## PROBLEM TO SOLVE
Word for word, copy out the entries below, but not the pictures in them.

[Records contained in a dataset]
- - - - -
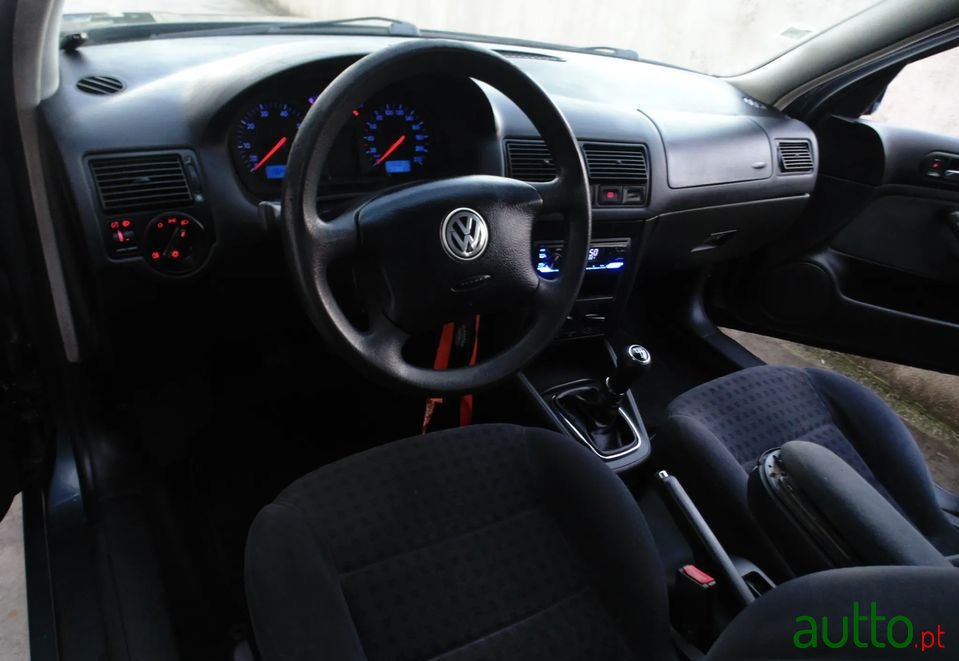 2001' Volkswagen Golf photo #6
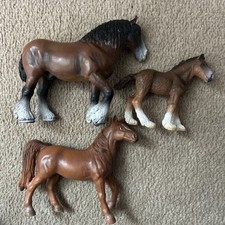 3 Schleich Horses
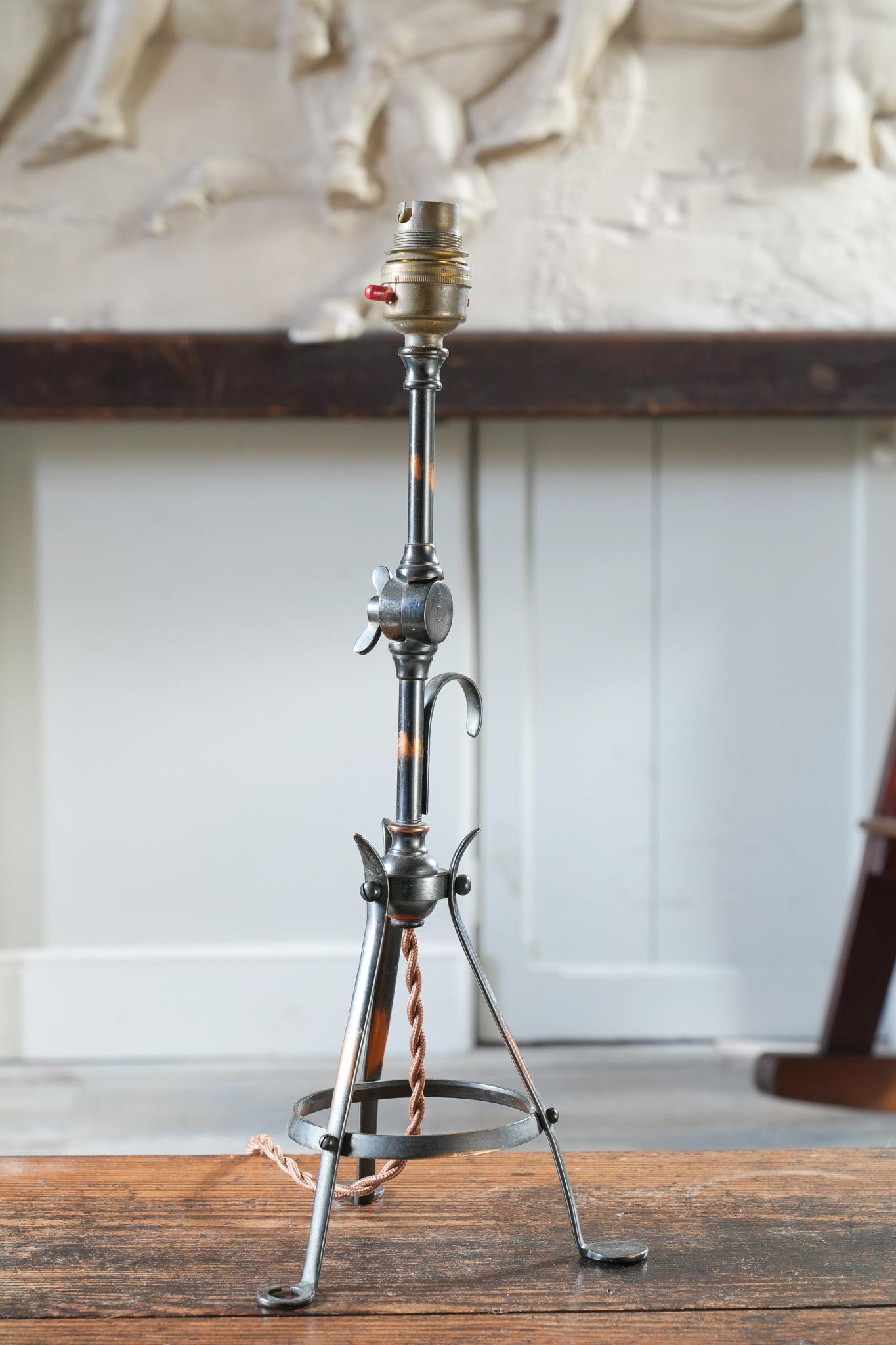 20ième siècle Lampe de Table W.A.S Benson en vente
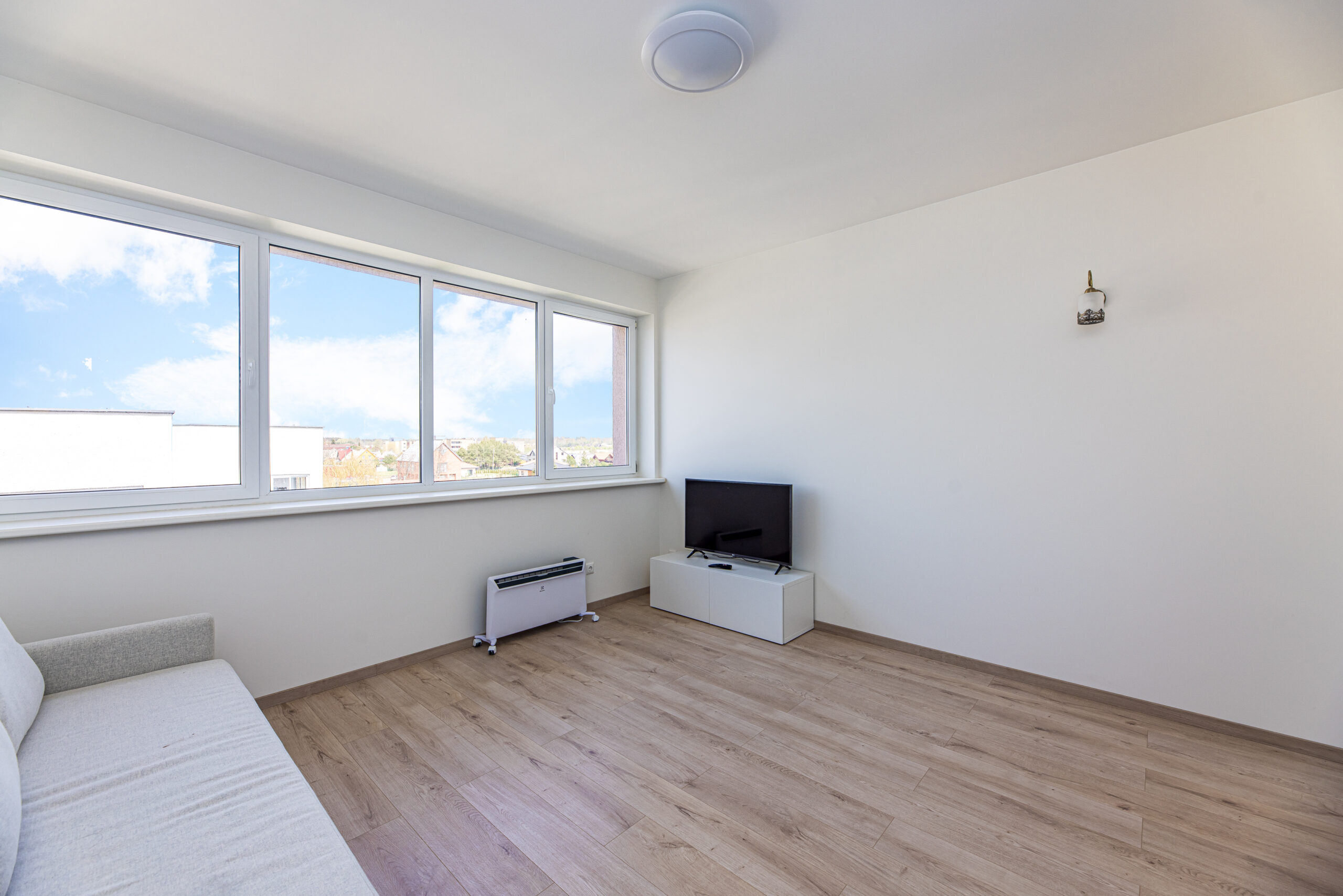 Parduodamas 1 kambario butas Šventojoje Mokyklos g. 40 Pilnai įrengtas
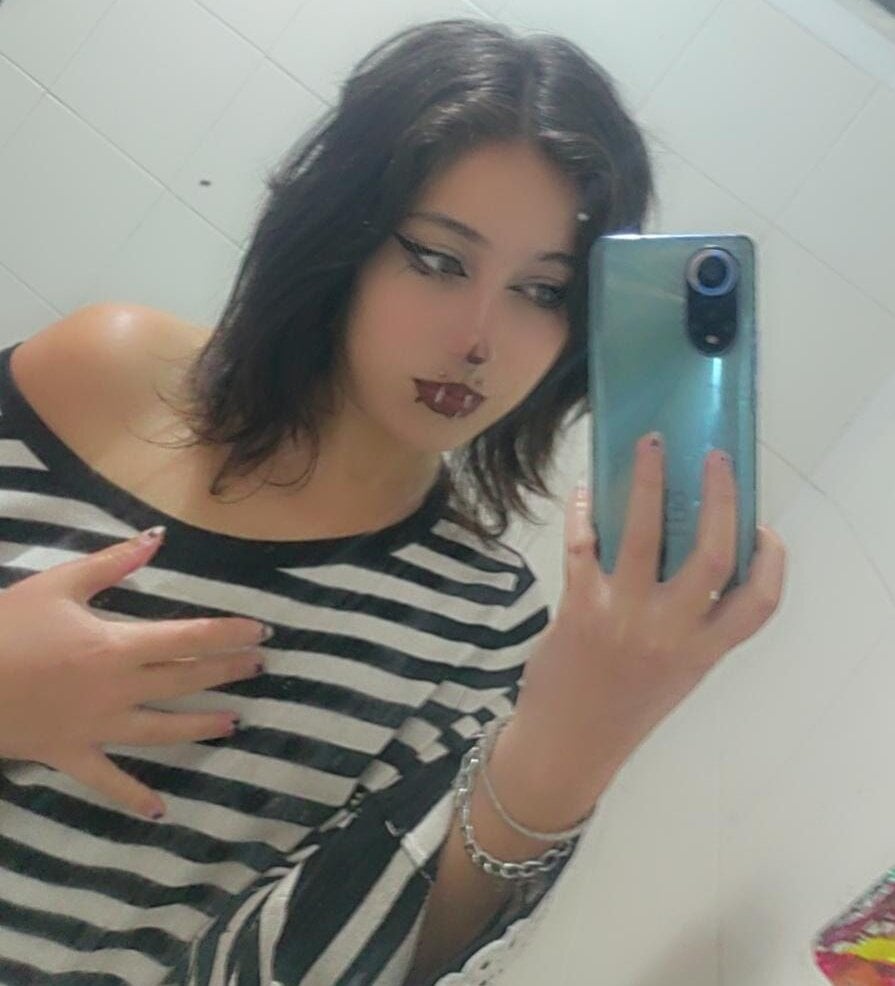 mega-camsex.com nana_unrecognizable1 livesex profile in granny cams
- - - - -
## ANSWER AREA
 2001' Volkswagen Golf photo #6
 3 Schleich Horses
 20ième siècle Lampe de Table W.A.S Benson en vente
 Parduodamas 1 kambario butas Šventojoje Mokyklos g. 40 Pilnai įrengtas
 mega-camsex.com nana_unrecognizable1 livesex profile in granny cams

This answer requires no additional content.